Roman STScI Data Pipelines

This article contains a high-level overview of the science data pipelines for the Roman Wide Field Instrument (WFI) imaging data processing at STScI including design, philosophy, and installation instructions. 



Overview of WFI Pipelines at STScI

WFI imaging observations are processed through several pipelines to create different data products. At STScI, we are developing three pipelines:

  • Exposure Level Pipeline: Performs detector-level calibration of Level 1 to Level 2 WFI data products.
  • Mosaic Level Pipeline: Handles repixelation and mosaicking of Level 2 WFI imaging data into Level 3 products.
  • Catalog-Level Pipeline: Generates Level 4 catalogs from Level 2 and Level 3 products (currently under development).

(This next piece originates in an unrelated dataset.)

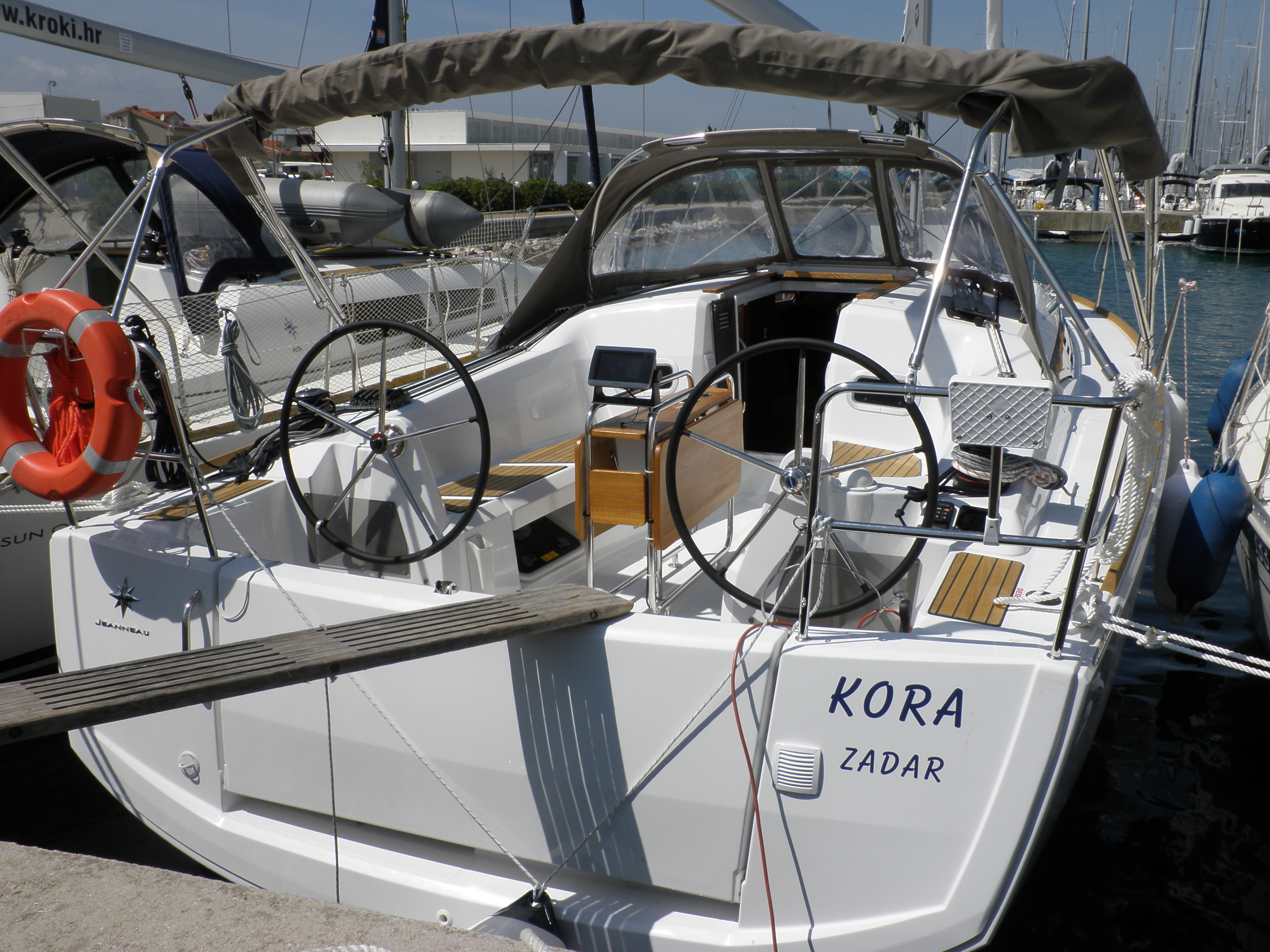 Immagine Sun Odyssey 349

Additional data processing specific to the WFI spectroscopic mode and microlensing exoplanet science are carried out by the Science Support Center at IPAC.


The romancal repository undergoes continuous integration testing using both unit tests and larger regression test suites to ensure that changes to the code do not result in unexpected changes of the products. Furthermore, before WFI pipeline steps are released, they are rigorously tested and validated by the engineers and instrument scientists at STScI.

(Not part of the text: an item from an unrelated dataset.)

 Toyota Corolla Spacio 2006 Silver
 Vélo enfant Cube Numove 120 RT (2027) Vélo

We expect that most users will be able to use data products directly from the Roman archive (see Accessing WFI Data article for more information); however, there may be instances when users wish to re-run elements of the WFI science data pipelines or customize the pipeline for particular science use cases.

Installation Instructions

All of the STScI pipelines for Roman are contained in a single Python package called romancal that is publicly developed on GitHub with released versions available via the Python Package Index (PyPI)

Additional information on how to install specific versions, including the latest development version, can be found on the pipeline installation page of the romancal readthedocs documentation. Basic installation on a Unix-based operating system using a Conda environment manager can be accomplished in a bash terminal by typing the following:

$ conda create -n <environment_name> python
$ conda activate <environment_name>
$ pip install romancal 

Note that the $ symbol indicates the bash prompt. The variable environment_name is at the discretion of the user. By indicating the argument "python" during the environment creation, the latest available version of Python will be installed in the environment along with other necessary tools such as pip.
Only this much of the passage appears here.